例年、4回阪神開幕週に行われているマイル戦に照準を定め、デビュープランを立ててはいたが、実際にそのレースが組み込まれていなくては何も始まらない。無事に開幕初日の9月9日に芝外1600メートルの新馬戦が正式に組まれたことで目標がハッキリとした。
「毎週、牧場には見に行っているし、どんどん良くなっている。今が成長真っ盛りといった感じだね。距離も持ちそうだけど、牝馬だと桜花賞まではマイルをこなせればいいわけだから。しばらくはマイラーとして育てたい。2度使って暮れのGI(阪神JF)に行くのが理想だね」と音無調教師。今後は9日にノーザンファームしがらきから栗東入りして、目標のレースに向けて調整ピッチを上げていく。
なんでもH社のY記者には「早くに(阪神)開幕のマイル戦に使うと書いておいてくれ。強いのが避けてくれるかもしれん」と口にしたそうだが、このあたりの駆け引きもなかなか面白い。同じノーザンファームの生産馬の場合は“使い分け”するケースも少なくない一方で、思わぬ形で有力馬が激突することも少なからずあるからだ。
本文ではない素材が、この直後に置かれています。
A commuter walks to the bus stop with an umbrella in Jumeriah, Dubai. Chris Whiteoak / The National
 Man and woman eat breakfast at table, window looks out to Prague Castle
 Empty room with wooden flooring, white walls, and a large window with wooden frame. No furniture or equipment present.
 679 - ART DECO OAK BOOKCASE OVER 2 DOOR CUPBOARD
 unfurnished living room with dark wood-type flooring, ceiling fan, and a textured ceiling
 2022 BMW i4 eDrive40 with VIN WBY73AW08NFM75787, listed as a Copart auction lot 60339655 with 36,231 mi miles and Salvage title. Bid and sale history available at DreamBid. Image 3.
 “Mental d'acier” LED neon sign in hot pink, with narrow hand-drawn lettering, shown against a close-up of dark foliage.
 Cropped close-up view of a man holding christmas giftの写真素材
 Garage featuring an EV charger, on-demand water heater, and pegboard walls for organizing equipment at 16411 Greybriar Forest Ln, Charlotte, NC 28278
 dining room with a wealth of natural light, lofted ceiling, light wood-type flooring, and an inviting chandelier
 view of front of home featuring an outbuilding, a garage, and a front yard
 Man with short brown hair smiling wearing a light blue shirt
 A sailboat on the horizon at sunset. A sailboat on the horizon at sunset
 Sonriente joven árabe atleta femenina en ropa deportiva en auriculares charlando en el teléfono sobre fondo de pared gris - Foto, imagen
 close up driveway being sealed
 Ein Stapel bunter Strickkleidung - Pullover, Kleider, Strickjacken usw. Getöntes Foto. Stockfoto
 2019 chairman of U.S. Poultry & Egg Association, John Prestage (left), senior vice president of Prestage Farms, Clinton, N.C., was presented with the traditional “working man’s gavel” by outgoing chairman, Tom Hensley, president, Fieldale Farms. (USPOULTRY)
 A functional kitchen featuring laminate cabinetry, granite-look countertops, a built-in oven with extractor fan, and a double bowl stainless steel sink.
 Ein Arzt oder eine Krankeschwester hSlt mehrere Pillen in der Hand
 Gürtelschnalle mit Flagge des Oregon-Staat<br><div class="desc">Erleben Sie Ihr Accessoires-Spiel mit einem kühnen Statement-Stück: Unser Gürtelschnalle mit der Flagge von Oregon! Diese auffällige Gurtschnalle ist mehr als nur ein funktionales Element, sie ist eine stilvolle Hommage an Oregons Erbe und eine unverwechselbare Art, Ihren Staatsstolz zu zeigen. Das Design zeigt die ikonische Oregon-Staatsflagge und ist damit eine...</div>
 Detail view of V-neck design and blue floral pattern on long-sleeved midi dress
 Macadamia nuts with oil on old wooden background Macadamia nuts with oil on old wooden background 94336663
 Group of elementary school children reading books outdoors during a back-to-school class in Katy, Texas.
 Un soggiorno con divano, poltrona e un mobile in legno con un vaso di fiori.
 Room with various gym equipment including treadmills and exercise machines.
いわゆる「伝説の新馬戦」として知られる2008年10月26日の京都芝外1800メートル新馬戦はその典型例。ここにはアンライバルド(翌年の皐月賞馬)、リーチザクラウン(翌年のダービー2着馬)といった有力馬が早々に出走を決めていたが、「最初から“相手が強い”と、避けてどうする」と強気にエントリーを決めたのがブエナビスタを管理していた松田博元調教師だった。吉田勝己氏からは「ウチの走りそうなのが出るよ」と暗に回避を促すような申し出もあったそうだが、それを断っての出走は結果、3着に敗れた。
仮にブエナビスタが現実的な選択をしていれば、また違う歴史があったのかもしれない。ただ、この強気の参戦が“牡馬相手にも逃げない”ブエナビスタ像を植えつけたし、何よりレース自体が“伝説”として歴史に名を残すことになったのだから、個人的にはこれ以上の選択肢はなかったように思う。
スターリーステージをめぐっては、どんな駆け引きが行われ、どんなメンバーが顔を揃えることになるのか。今から楽しみでならない。
今回は話が少々先に飛び過ぎたが、もちろん今週も見逃せない新馬戦がある。土曜(12日)新潟芝外1800メートルには名牝ウオッカの4番子タニノフランケル(牡=父Frankel・角居)が登場予定。先週のウッドでは5ハロン68.0-11.8秒と軽快に脚を伸ばした。「この血統で今までで一番いいと思う。またがってもいいし、見た目もいい。切れるというよりはスピードで押し切るようなタイプかな。初戦から勝ち負けになるのでは」とは岸本助手だ。
タニノフランケルも早くからこのレースへの参戦を表明していたが、迎え撃つ関東馬にも強敵が名を連ねそうな情勢。果たして後年に“伝説”と称されるレースとなるのか? 真夏の熱い一戦も見逃せない。